Start of RECORDS FOR THE TASK
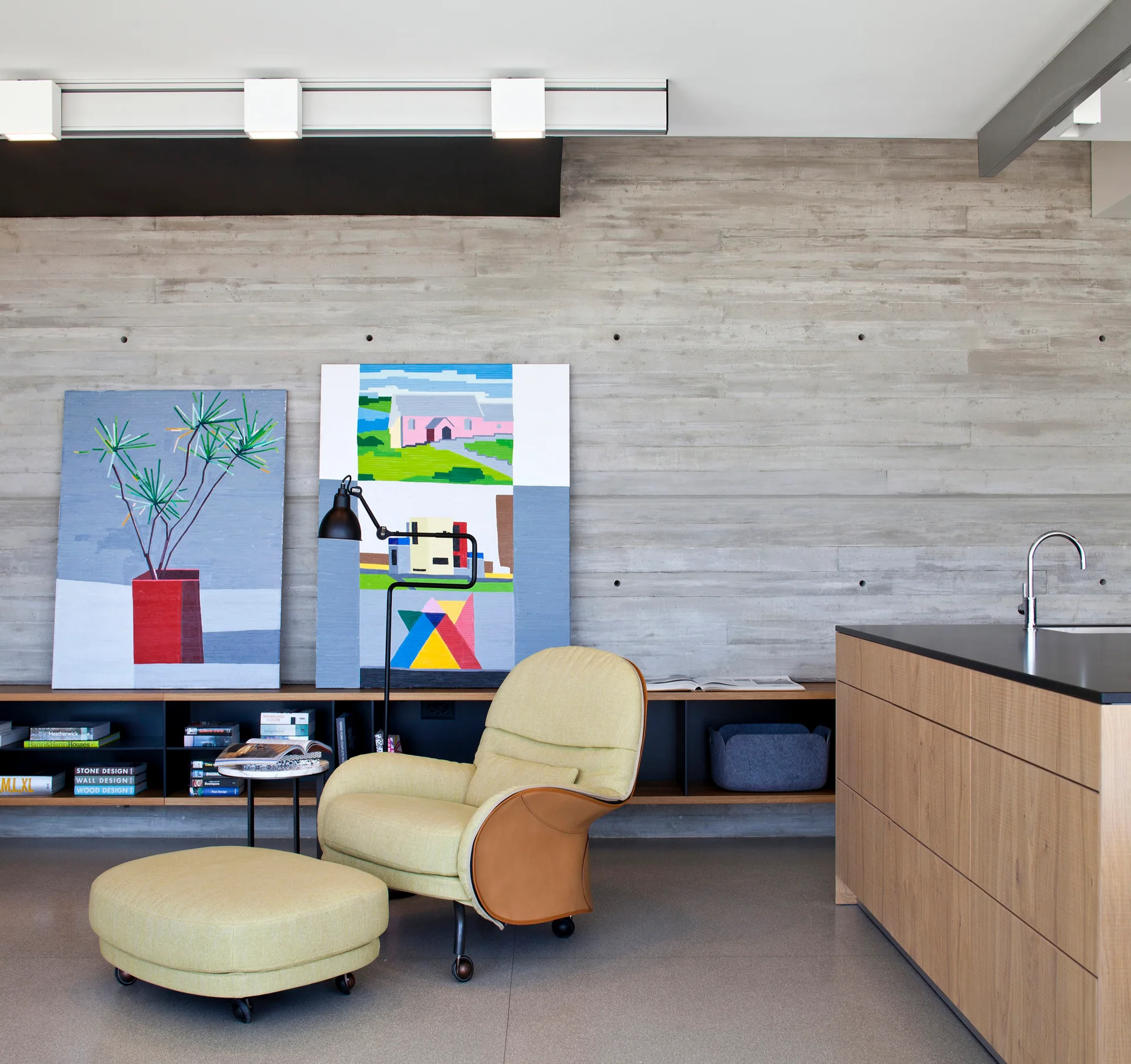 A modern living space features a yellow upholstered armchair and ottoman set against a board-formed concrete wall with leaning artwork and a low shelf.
End of RECORDS FOR THE TASK
Start of RECORDS FOR THE TASK
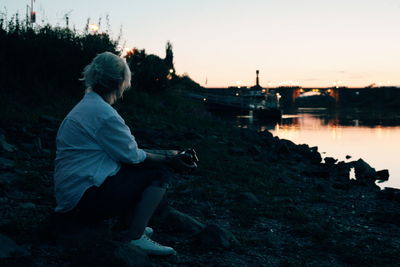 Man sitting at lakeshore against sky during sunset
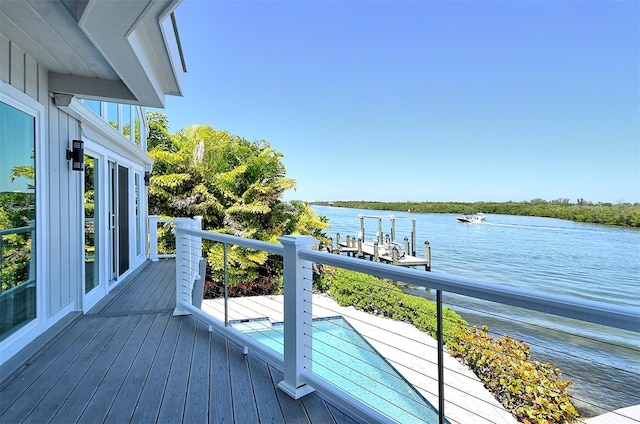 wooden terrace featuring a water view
End of RECORDS FOR THE TASK
Start of RECORDS FOR THE TASK
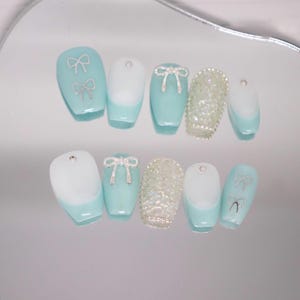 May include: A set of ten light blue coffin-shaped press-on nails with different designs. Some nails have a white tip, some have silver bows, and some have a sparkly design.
End of RECORDS FOR THE TASK
[TASK ITEM]
Although pictures appear among the records above, write out exactly only the lines from the one that has "Man sitting at" through the one that has "wooden terrace featuring a water view", and leave the pictures out.

[SOLVED EXERCISE]
 Man sitting at lakeshore against sky during sunset
 wooden terrace featuring a water view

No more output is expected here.